__TASK INSTRUCTIONS__:
Each line from the one containing "Stock photo of" to the end of the material below is to be restated exactly, with pictures skipped.

__EXTRACTED MATERIAL__:
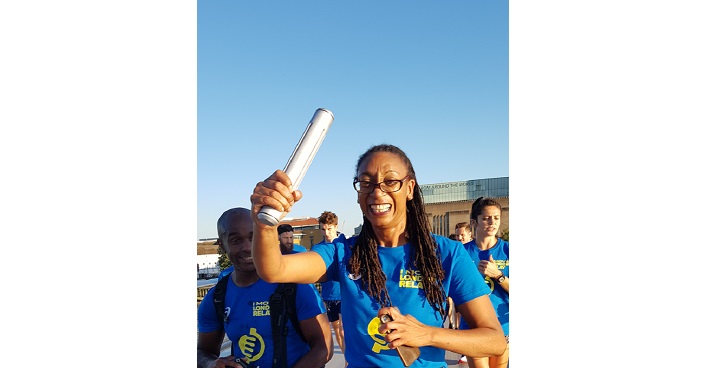 Runner from Transform wellness in blue lycra kit, glasses and long hair in braids holds the baton in the first 5k on a world record attempt for longest continuous run London JUly 2018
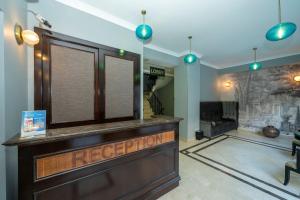 a barber shop with a reception desk in a room at Raymond Blue Hotel in Istanbul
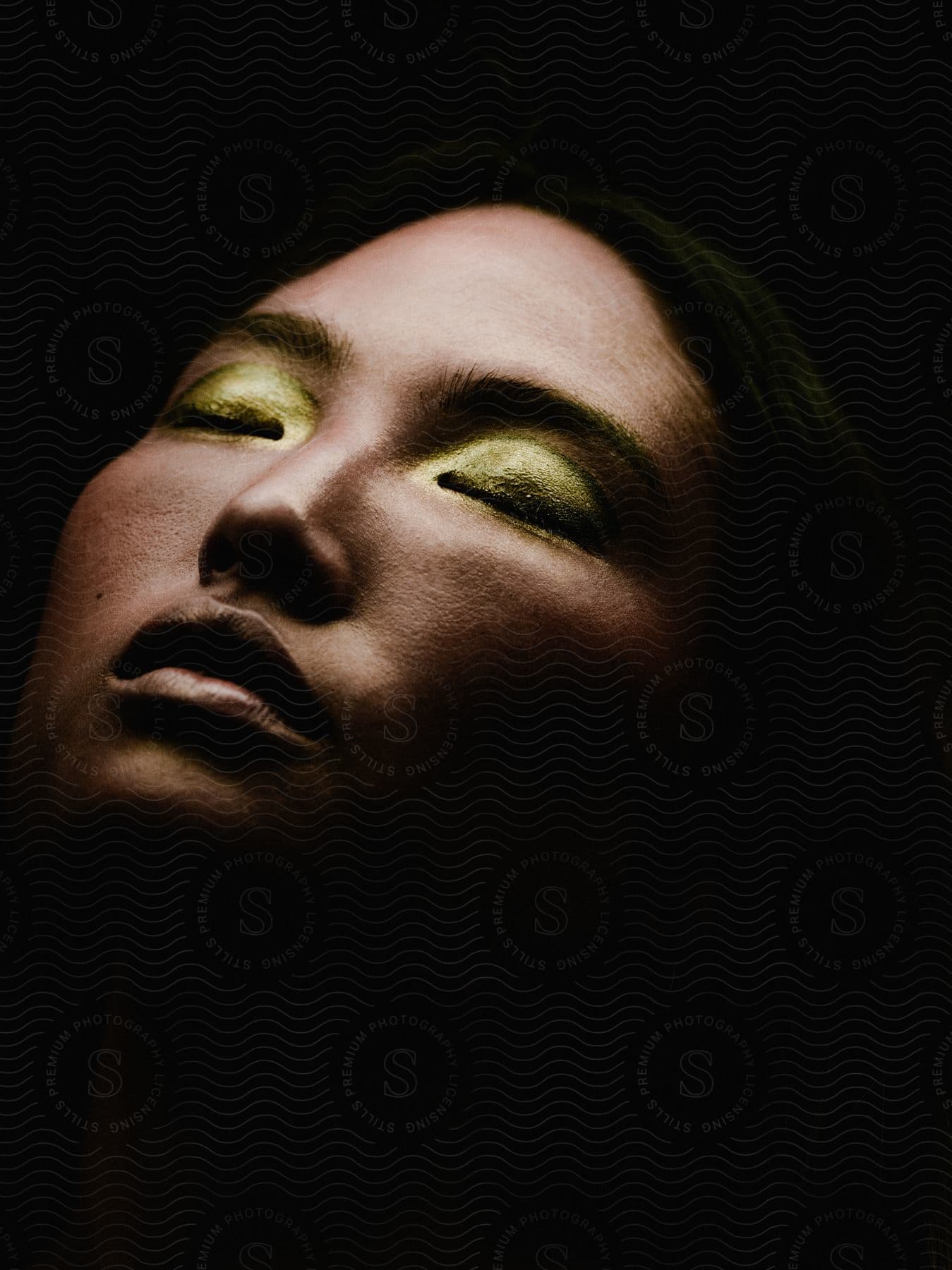 Stock photo of the face of a woman, eyes closed, wearing gold eye shadow.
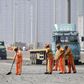  Workers clean debris on a highway near the site of the explosions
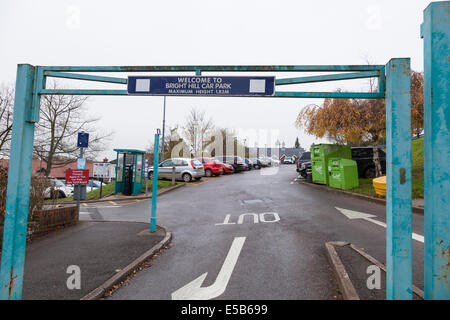 Car park entrance with its height restriction barrier and sign, Bright Hill, Guildford, Surrey, England. Stock Photo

__WRITTEN SOLUTION__:
 Stock photo of the face of a woman, eyes closed, wearing gold eye shadow.
  Workers clean debris on a highway near the site of the explosions
 Car park entrance with its height restriction barrier and sign, Bright Hill, Guildford, Surrey, England. Stock Photo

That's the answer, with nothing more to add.